A third service was launched on Monday 19 January 2015 as Clyde 3, carrying a locally branded version of The Hits on DAB, with opt-outs for local news, traffic and advertising. From 1 September 2017, the local City 3 branding of the stations on DAB was withdrawn, in favour of reverting to using The Hits name.

A fourth station, Clyde Rocks, was launched as a 30-day trial on Wednesday 20 April 2016, with the intention of the outcome of the trial being used to form a bid for the 96.3 FM radio licence, which had recently been vacated by its former operator, XFM Scotland. Ultimately, however, Bauer Radio were unsuccessful in their bid, and the licence was awarded by Ofcom to another bidder, Rock Radio.

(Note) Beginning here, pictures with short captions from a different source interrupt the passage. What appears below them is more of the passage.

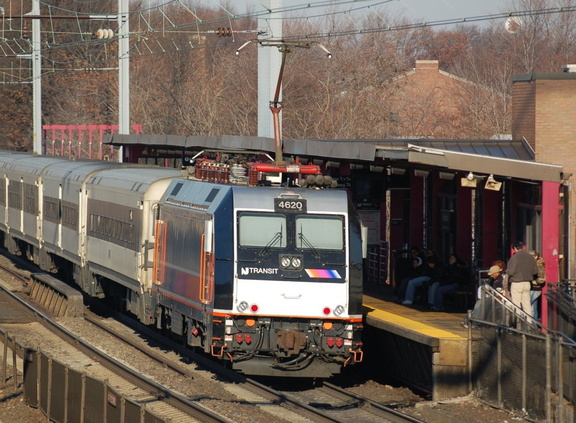 NJT ALP-46 4620 @ Elizabeth, NJ. Photo taken by Brian Weinberg, 12/18/2005.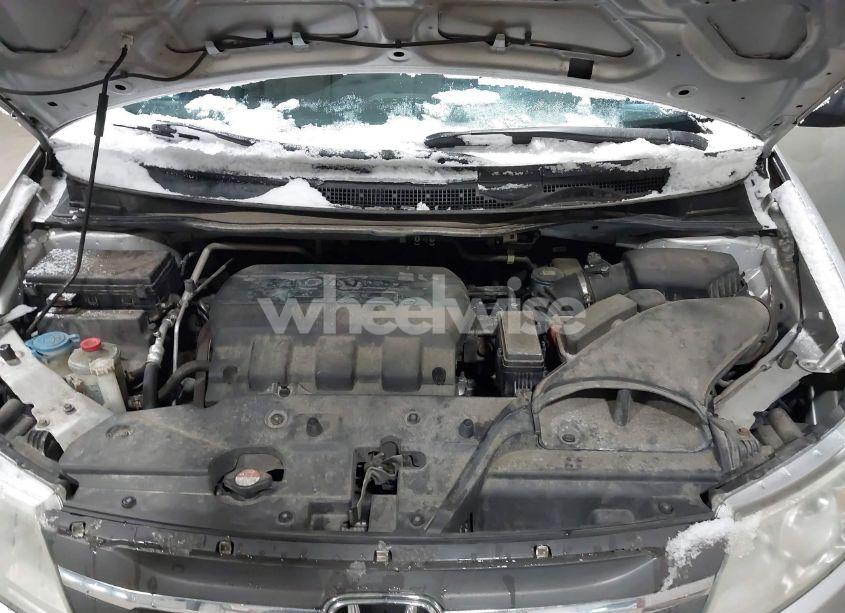 Photo 10 of 2013 Honda Odyssey LX (VIN 5FNRL5H22DB072889)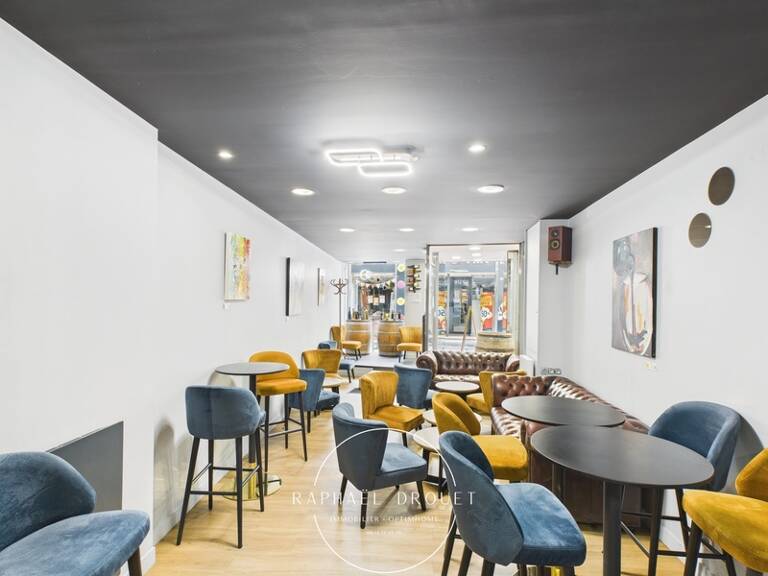 A VENDRE BAR LICENCE IV - FONDS DE COMMERCE RENOVÉ – CENTRE-VILLE — photo 1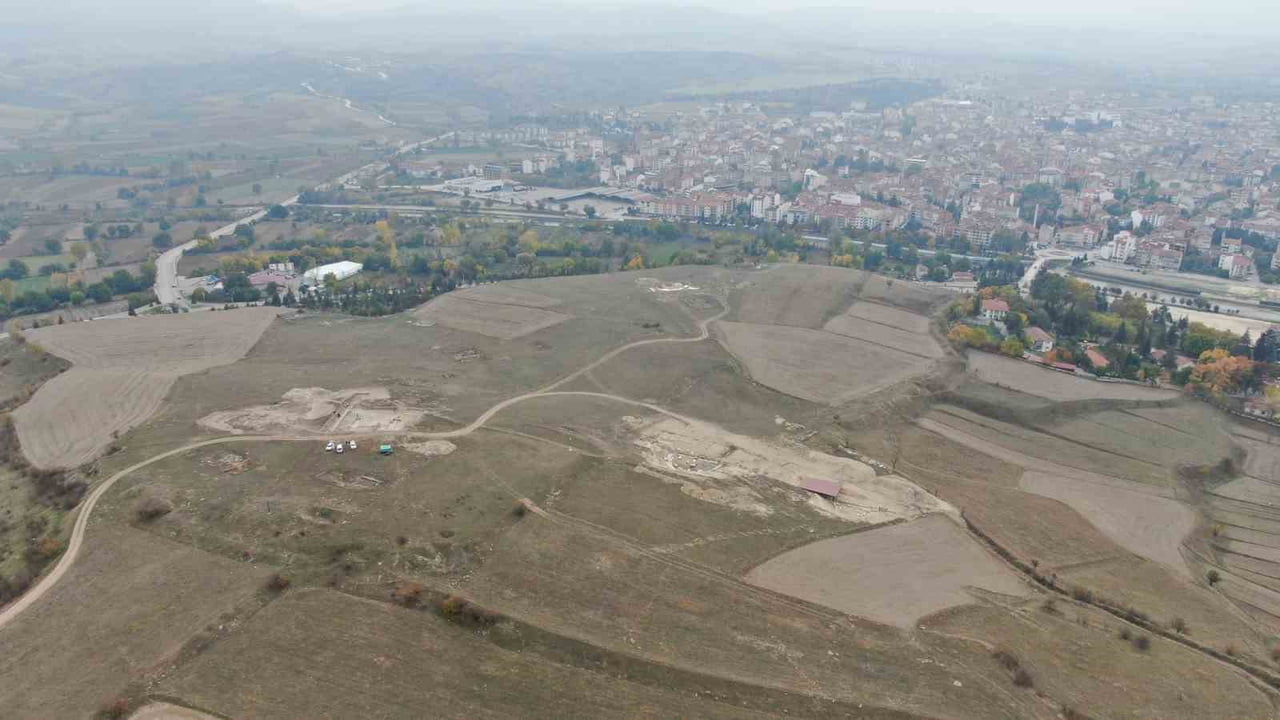 KASTAMONU’NUN TAŞKÖPRÜ İLÇESİNDE 2 BİN YIL ÖNCE POMPEİOPOLİS ANTİK KENTİNİN KURULU OLDUĞU DÖNEMDE...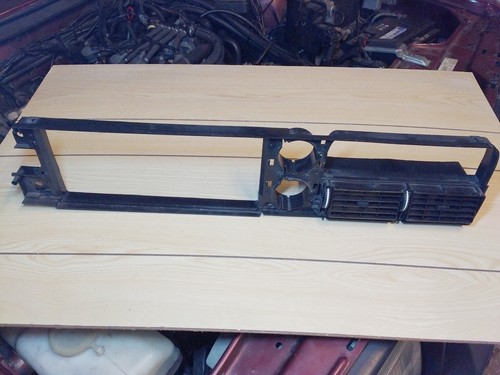 Volvo 240 cornice cruscotto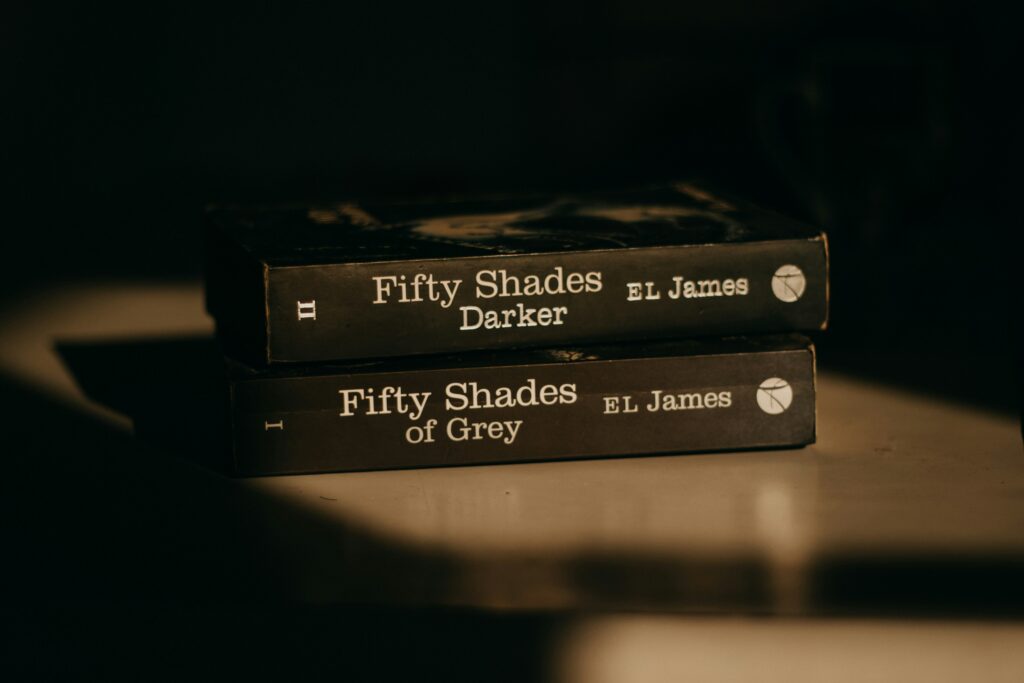 twilight fifty shades bestseller books comparison arabic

Notable past presenters include Ross King, who was the station's youngest ever DJ, and is now based in Hollywood, from where he appears regularly on Good Morning Britain and Lorraine. Other names are Paul Coia, Mary Lee, Ken Sykora, Richard Park, Tiger Tim Stevens, Mark Goodier, Tom Russell (who presented the long running Friday Night Rock Show) and Dougie Donnelly. BBC Breakfast anchor Bill Turnbull began his career in journalism at the station.

Present 
Radio Clyde forms one of Bauer's main radio production centres. As well as local programming for Glasgow and the West of Scotland - predominantly on Clyde 1 - the station also produces networked programming for the three City networks in Scotland and northern England.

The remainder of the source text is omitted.